Exercise aim:
Copying exactly, give the lines in the material below from the one with "2015 Toyota RAV4 XLE — foto 6" to the one with "Ancora un incidente", ends included, and nothing besides.

Extracted data:
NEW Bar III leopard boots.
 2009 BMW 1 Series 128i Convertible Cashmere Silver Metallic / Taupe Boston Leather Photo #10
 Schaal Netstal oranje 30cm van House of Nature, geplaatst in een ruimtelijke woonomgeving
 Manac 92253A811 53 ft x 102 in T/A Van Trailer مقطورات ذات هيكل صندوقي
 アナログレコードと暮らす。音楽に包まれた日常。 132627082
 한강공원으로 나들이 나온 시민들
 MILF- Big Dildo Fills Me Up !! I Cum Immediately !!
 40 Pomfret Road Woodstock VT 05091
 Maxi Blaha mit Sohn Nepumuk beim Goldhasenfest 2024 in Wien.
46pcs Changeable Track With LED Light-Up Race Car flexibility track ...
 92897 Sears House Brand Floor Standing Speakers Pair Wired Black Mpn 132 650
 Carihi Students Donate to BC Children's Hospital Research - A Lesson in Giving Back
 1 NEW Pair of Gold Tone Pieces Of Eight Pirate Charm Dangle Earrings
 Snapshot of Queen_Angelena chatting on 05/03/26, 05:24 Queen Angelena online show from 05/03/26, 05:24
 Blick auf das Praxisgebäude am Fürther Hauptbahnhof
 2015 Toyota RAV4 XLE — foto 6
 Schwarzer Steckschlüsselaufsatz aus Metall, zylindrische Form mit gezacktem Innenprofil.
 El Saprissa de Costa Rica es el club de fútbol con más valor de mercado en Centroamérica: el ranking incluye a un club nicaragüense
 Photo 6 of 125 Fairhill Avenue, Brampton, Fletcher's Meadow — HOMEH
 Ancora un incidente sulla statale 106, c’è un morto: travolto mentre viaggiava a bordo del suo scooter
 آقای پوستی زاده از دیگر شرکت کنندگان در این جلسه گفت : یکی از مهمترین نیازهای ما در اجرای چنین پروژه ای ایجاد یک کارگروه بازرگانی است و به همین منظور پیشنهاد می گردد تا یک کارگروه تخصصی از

Solution for this problem:
 2015 Toyota RAV4 XLE — foto 6
 Schwarzer Steckschlüsselaufsatz aus Metall, zylindrische Form mit gezacktem Innenprofil.
 El Saprissa de Costa Rica es el club de fútbol con más valor de mercado en Centroamérica: el ranking incluye a un club nicaragüense
 Photo 6 of 125 Fairhill Avenue, Brampton, Fletcher's Meadow — HOMEH
 Ancora un incidente sulla statale 106, c’è un morto: travolto mentre viaggiava a bordo del suo scooter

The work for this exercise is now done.